* _Exercise prompt_
Give every line of the data again, unchanged, but with no pictures.

* _Data for processing_
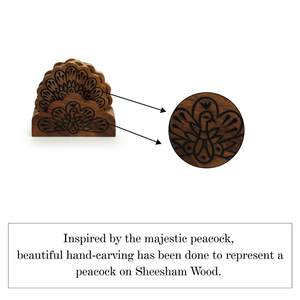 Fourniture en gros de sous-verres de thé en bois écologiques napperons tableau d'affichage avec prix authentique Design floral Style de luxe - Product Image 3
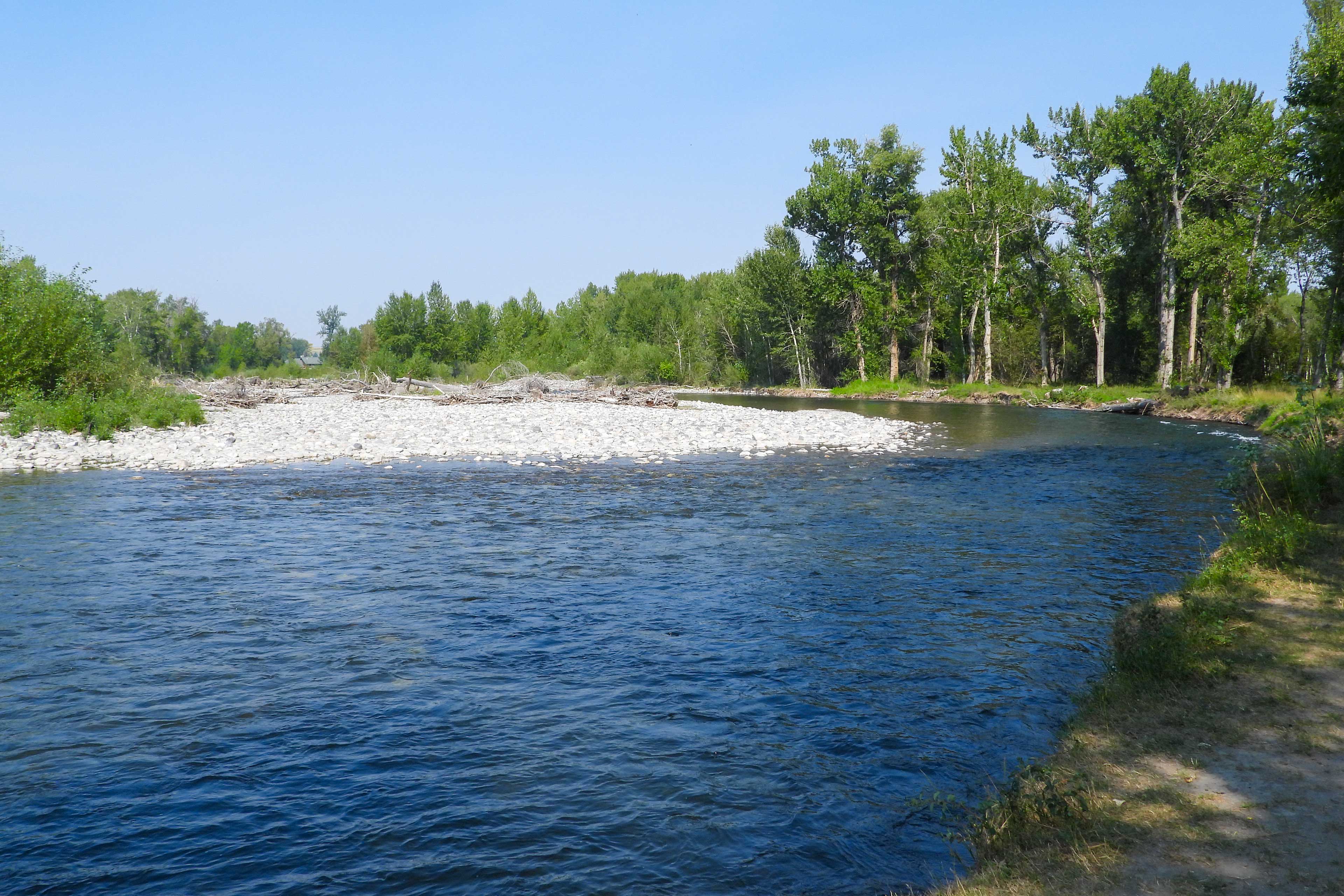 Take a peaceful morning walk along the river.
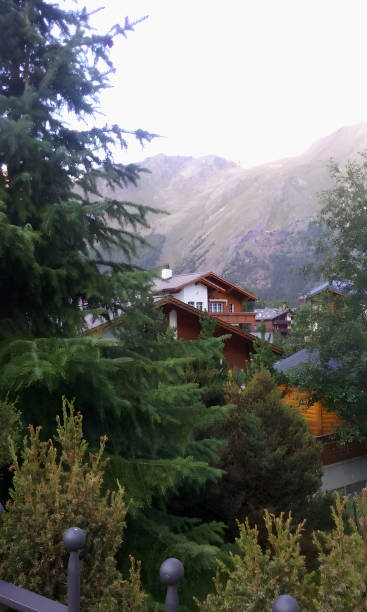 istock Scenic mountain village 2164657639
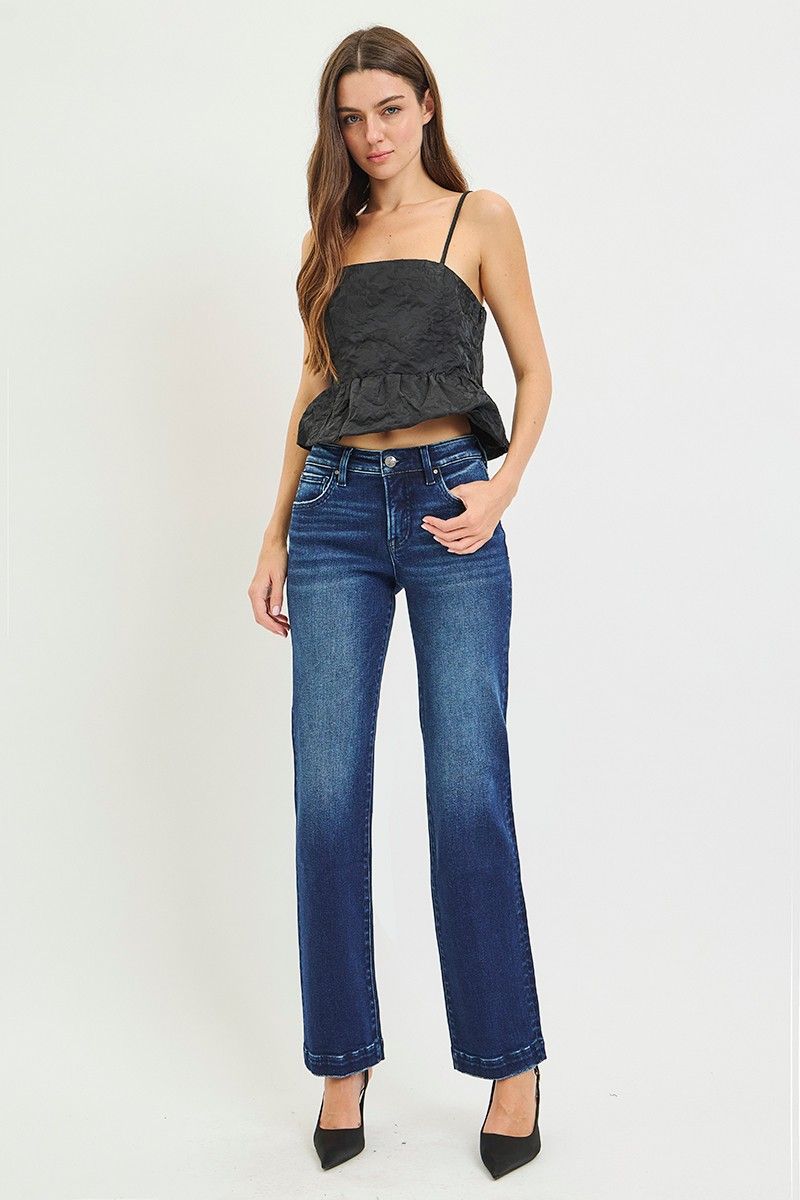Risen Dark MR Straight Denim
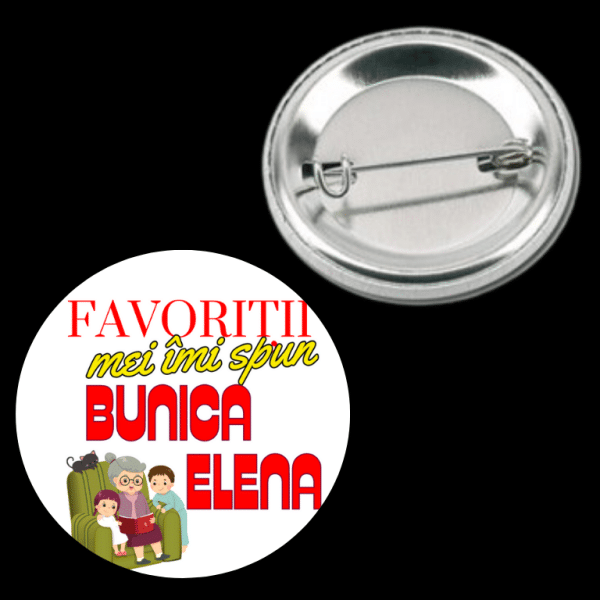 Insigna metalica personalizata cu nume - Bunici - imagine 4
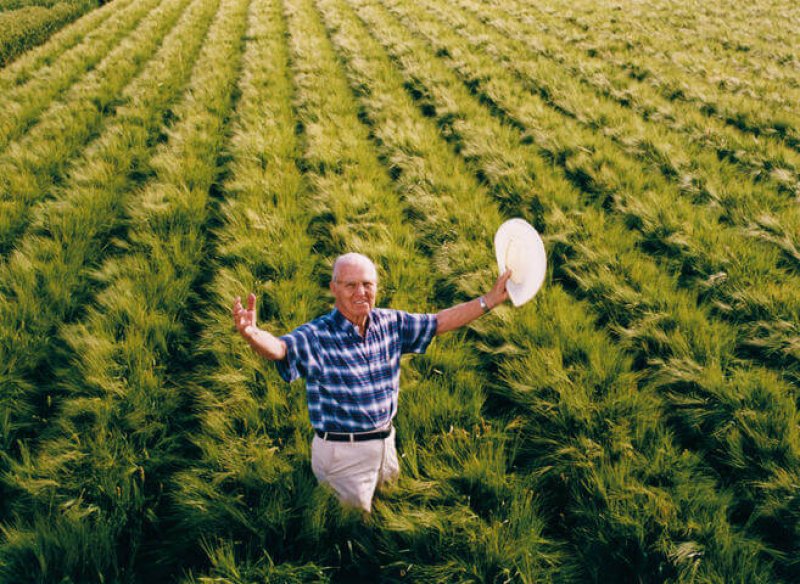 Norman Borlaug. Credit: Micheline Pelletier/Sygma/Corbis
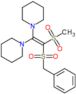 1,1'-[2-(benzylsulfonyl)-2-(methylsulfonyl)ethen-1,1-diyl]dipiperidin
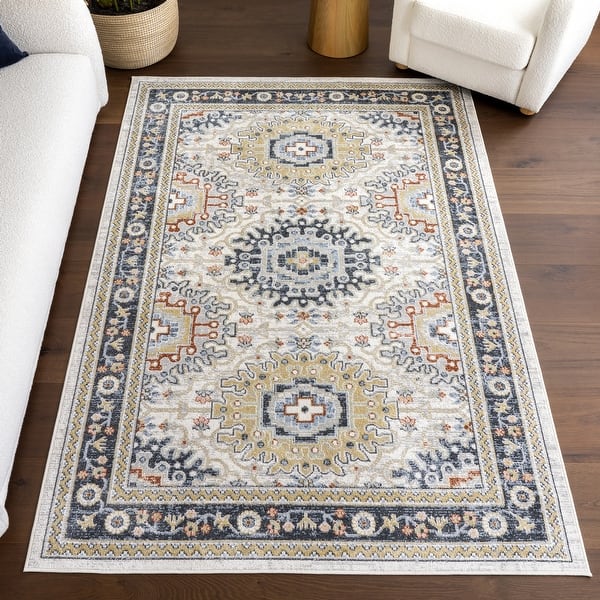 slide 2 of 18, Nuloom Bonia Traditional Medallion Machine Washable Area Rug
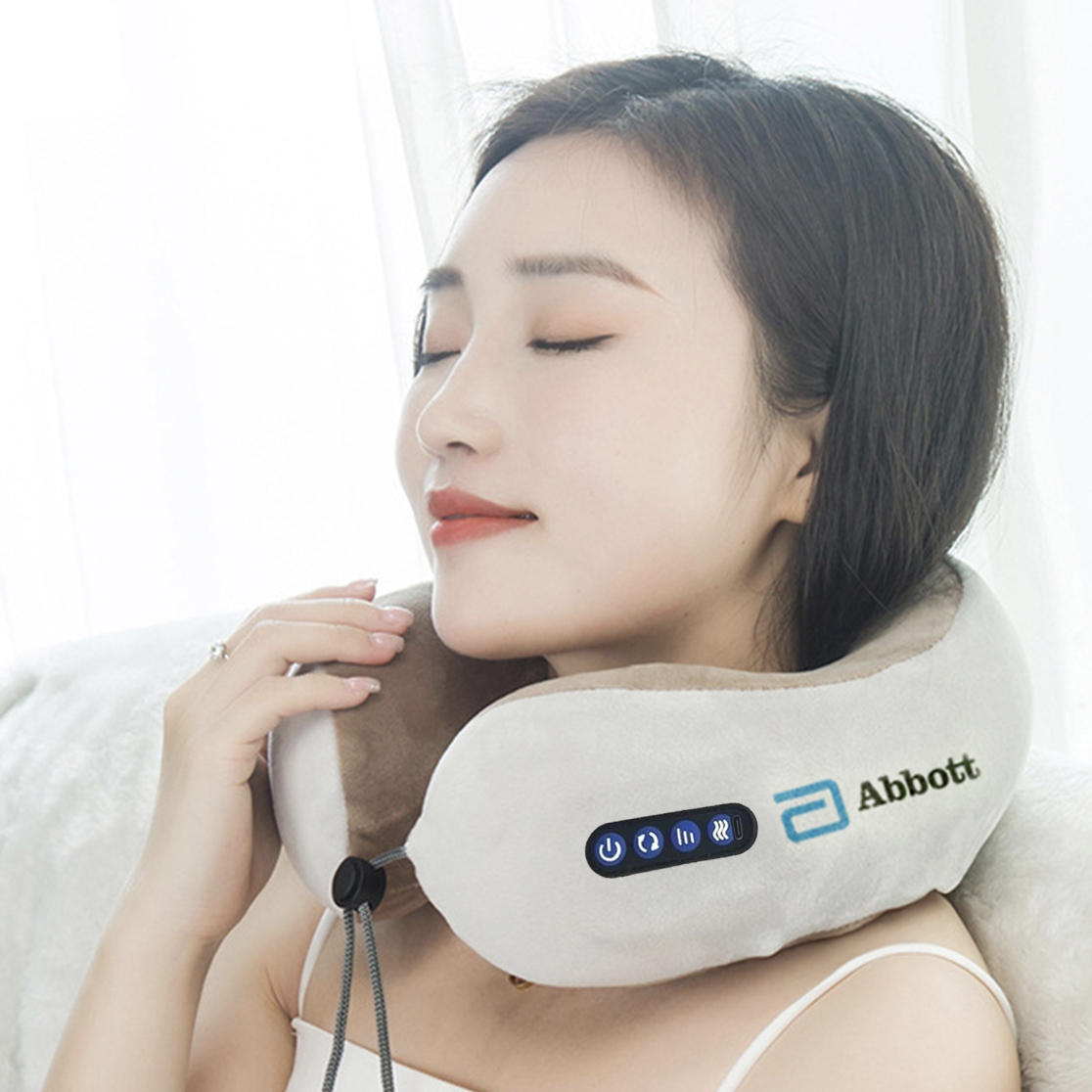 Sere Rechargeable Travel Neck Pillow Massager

* _Response to this exercise_
 Fourniture en gros de sous-verres de thé en bois écologiques napperons tableau d'affichage avec prix authentique Design floral Style de luxe - Product Image 3
 Take a peaceful morning walk along the river.
 istock Scenic mountain village 2164657639
Risen Dark MR Straight Denim
 Insigna metalica personalizata cu nume - Bunici - imagine 4
 Norman Borlaug. Credit: Micheline Pelletier/Sygma/Corbis
 1,1'-[2-(benzylsulfonyl)-2-(methylsulfonyl)ethen-1,1-diyl]dipiperidin
 slide 2 of 18, Nuloom Bonia Traditional Medallion Machine Washable Area Rug
 Sere Rechargeable Travel Neck Pillow Massager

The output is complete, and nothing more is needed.